In my observation, men and women often make classic mistakes in relating to each other. In one respect, that's surprising–surprising insofar as these are classic mistakes. You'd think men and women could avoid repeating classic mistakes. Because they're such cliches, they ought to be well-known. Why not learn from other people's mistakes? Many parents make classic mistakes as well. Once again, why not learn from other people's mistakes instead of recycling the same counterproductive strategies?
One problem is that many men and women just assume they should be able to automatically understand the other sex. But of course, male and female psychology are different, so that's a risky assumption. Many men and women would benefit from acting like animals trainers. An animal trainer has to master the psychology of whatever species he trains. Or, to take a more dramatic example, there are naturalists who study wolf packs in the wild. Some do it immersively by becoming a member of the pack. They have to learn to think like a wolf. Anticipate how wolves react. Understand visual cues. Submissive and dominance behavior. Play by the rules of the wolf pack since the wolves won't play by their rules. Deborah Tannen wrote a classic book on how men and women frequently talk past each other.
A stereotypical mistake some husbands make is to neglect the marriage. The ambitious, workaholic father and husband who puts career first.
I haven't read his new book, but to judge by reviews, Jordan Peterson gives younger men a Stoic, pull-yourself-up-by-the-bootstraps pep talk. That might be useful for some men, but it's my impression that it's becoming genuinely harder for many men to succeed in our society. So just telling them to buck up isn't necessarily a solution.
In my anecdotal observation, some women have two conflicting impulses, but they haven't thought about it clearly. They haven't considered the endgame. On the one hand, they don't want to be alone for the rest of their lives. They don't want to be divorcées or single moms.
On the other hand, when they get mad at the boyfriend or husband, they want to get even. "He hurt me so I'm going to hurt him back!" Revenge is emotionally satisfying up-to-a-point. Indeed, it can become all-absorbing. But the utterly predictable effect is to alienate the husband from the wife. That drives the husband further away.
Another cliche example is winning arguments by dredging up the past. Keeping a record of grudges. A list of his (real or perceived) slights and failures. That might succeed in silencing the guy, but it makes him resentful, so is it worth it? What's the endgame?
Marriages are fragile. There's not the built-in bond between parents and kids, or siblings. There's not even the natural rapport in male friendships or female friendships, where friends understand each other because they think alike. Men think alike. Women think alike.
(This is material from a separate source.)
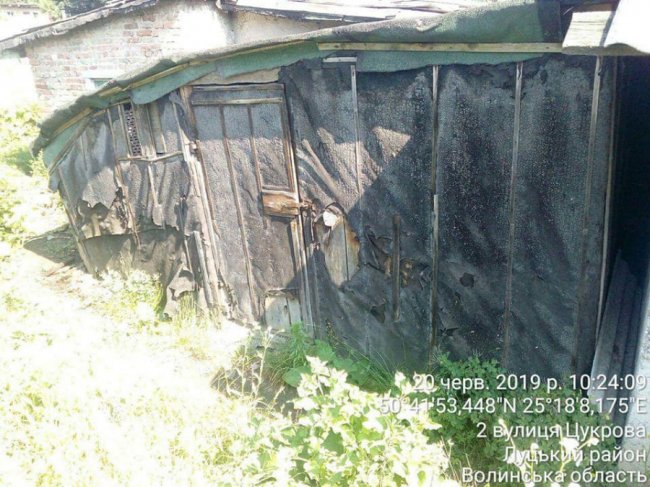 У Луцьку муніципали зносили сараї та гаражі. ФОТО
As a result, marriage can't survive the same degree of emotional punishment. The problem is not so much that couples cease to love each other but that couples cease to like each other. In a marriage gone bad, they go from liking each other to loving each other to disliking each other. Once you develop a dislike for someone you used to like, that's very hard to overcome. A classic example is the philandering husband.
If you pour defoliant on a marriage to win an argument, that may sterilize the ground. The flowers won't come back.
There's nothing necessarily wrong with winning the argument. It's a matter of how you do it.
Some women need to decide whether they wish to save the marriage or give into revenge. They can't do both. Those are divergent paths. If they wish to save the marriage, they must let go of the rage. They must choose. They must decide that marriage is more important than the emotional satisfaction of venting.
Women are prone to psychological warfare anyway (e.g. teenage girls and cyberbullying), and some of them learn too late that when they practice slash-n-burn tactics, they are raining down napalm and Agent Orange on their own lives in the process.
The counterpart is the drunk, abusive boyfriend or husband. One of the mysteries of marriages is the variety. Some women stick with abject losers while other women walk out on devoted husbands. Some couples are utterly devoted to each other while some men ditch the workaday wife who put them through college for a trophy wive. It's so unpredictable. Such a gamble. Fantastic when it works out, hellish when it doesn't.